5 Mistakes to Avoid: Don’t Use Personal Loans for These Things

It’s no surprise that personal loans can be used for practically anything you want to buy. However, this doesn’t mean you should borrow recklessly just to fulfill every idea or impulse. A personal loan is still a significant financial commitment, and taking on too many loans can quickly lead to a situation where you can no longer manage your debt burden.

Here are some things you should definitely avoid purchasing with a personal loan, even though there are no strict rules against it—no one is explicitly prohibiting you from taking a personal loan for these purposes (and these items can often be purchased through other financing options). However, we believe that these items should never be financed through a personal loan.

1. Jewelry and Gifts

Almost every jewelry store, like Kay Jewelers or Zales, offers financing options for purchasing jewelry. Imagine walking into a jewelry store to buy a ring, watch, or beautiful necklace and deciding to take out a personal loan to pay for it.

This might seem like a good idea since jewelry can hold some value over time. However, consider the other side: a personal loan is a costly, long-term obligation, and the jewelry you purchase won’t likely cover that expense.

Think about this: if you want to buy jewelry worth $1,000 (like a particularly fine necklace) and take out a $1,000 personal loan, the total cost could easily exceed $1,200. For instance, if you take out a personal loan from a lender for a two-year term, you could end up paying back $1,230.22. This means your necklace would need to magically increase in value to at least $1,231 within two years for you to break even.

Even if you buy a pure gold necklace, while gold prices may rise, it’s unlikely that you’ll make enough profit from selling the necklace to cover your loan costs. At best, you might get some of your money back, but probably not as much as you spent on the loan.

Taking a look at gold prices today, two years ago, 10 grams of gold were priced around $630. Today, 10 grams cost about $760. Sure, the price has increased, giving you an extra hundred dollars or so, but if you bought jewelry using a personal loan, you’d still be in the red.

Jewelry is not an investment, and personal loans should never be used to buy gifts—this is almost always a shortcut to debt.

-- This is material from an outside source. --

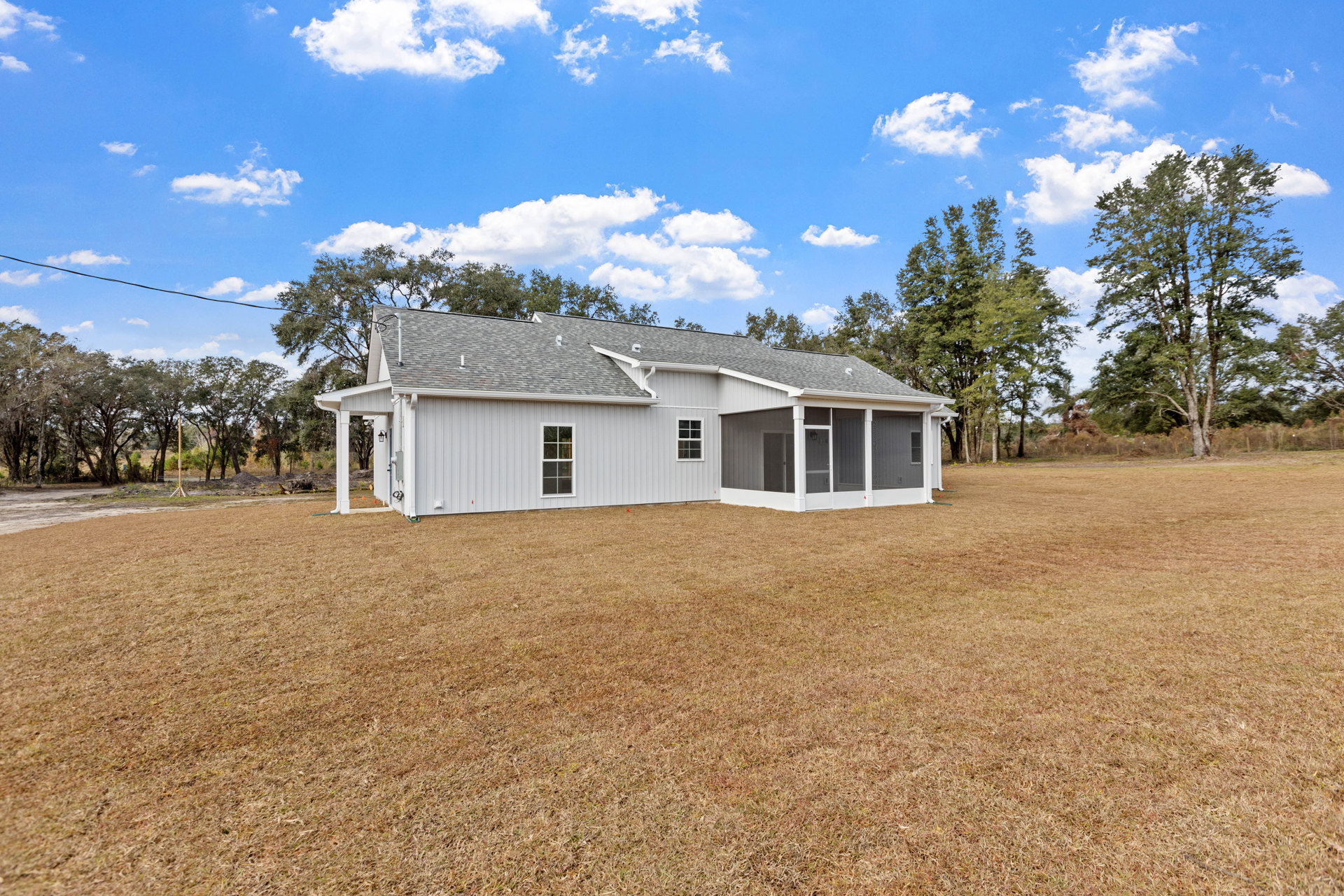 White siding house with screen door, expansive grassy yard, mature tree with spreading branches, cloudy sky, roof partially visible with trees in background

2. Cosmetic Products and Beauty Treatments

Surprisingly, cosmetic products and beauty treatments are common reasons for taking out personal loans. Many people want to look as good, youthful, fit, and attractive as their friends, acquaintances, or colleagues. This “keeping up with the Joneses” mentality can lead to taking out a personal loan just to pay for cosmetic procedures or treatments.

While you can’t put a price on feeling good, and self-confidence might be a valid reason for some expenses, no beauty procedure justifies taking on debt. Another problem with beauty treatments is that they often require multiple, regular sessions. A personal loan, on the other hand, is a one-time deal with ongoing monthly payments. Are you really willing to keep making personal loan payments a year or two after your beauty treatment has faded?

The only acceptable reason for taking a personal loan in this category would be for a health procedure that is genuinely necessary for your well-being. Cosmetic procedures, however, do not qualify.

3. Travel

Personal loans for travel are so common that many lenders have created specific “travel loans,” which are unsecured personal loans intended for vacations.

It might seem like a good idea to invest in your vacation and see the world: everyone talks about how travel broadens your horizons. However, taking out a travel loan means you’re signing up for years of debt just to… what? Go on a one- or two-week vacation? This doesn’t sound like a smart investment. After your trip, you’ll return to find monthly payments waiting for you, which you’ll need to work hard to cover.

If you’re itching to travel, think carefully about whether the trip is truly worth the financial obligation of a personal loan.

4. Everyday Expenses/Food/Household Items

Unsecured personal loans are quite easy and quick to obtain, which might make it tempting to use one when money is tight at the end of the month. If payday is still a ways off and you’re short on funds for everyday purchases, a personal loan might seem like a good idea.

However, it’s important to remember the same principle: if you take a personal loan for a one-time purpose, you’re digging yourself a hole. You might take a personal loan for everyday expenses this month, but what about next month? Even worse, if you don’t have money for food or everyday items now, how will you have money for the personal loan repayment next month?

This is why personal loans can be so problematic: starting with loans for daily needs can lead to a heavy debt burden that may eventually overwhelm you.

5. Investments/Stocks/Cryptocurrency

Unfortunately, many people take out personal loans hoping to get rich by investing the borrowed money in assets like stocks or—worse yet—cryptocurrency.

There’s NO such thing as a guaranteed safe investment that will assure you a return. Even the safest stock can decline in value, and you might not get your money back. Yes, investing can earn you money, but it’s never guaranteed. If you invest with personal loan funds, you’re digging yourself a hole that’s not easy to climb out of.

In summary, while personal loans can be used for many things, it’s crucial to think twice about what you’re borrowing for. Avoid these five categories to steer clear of unnecessary financial burdens.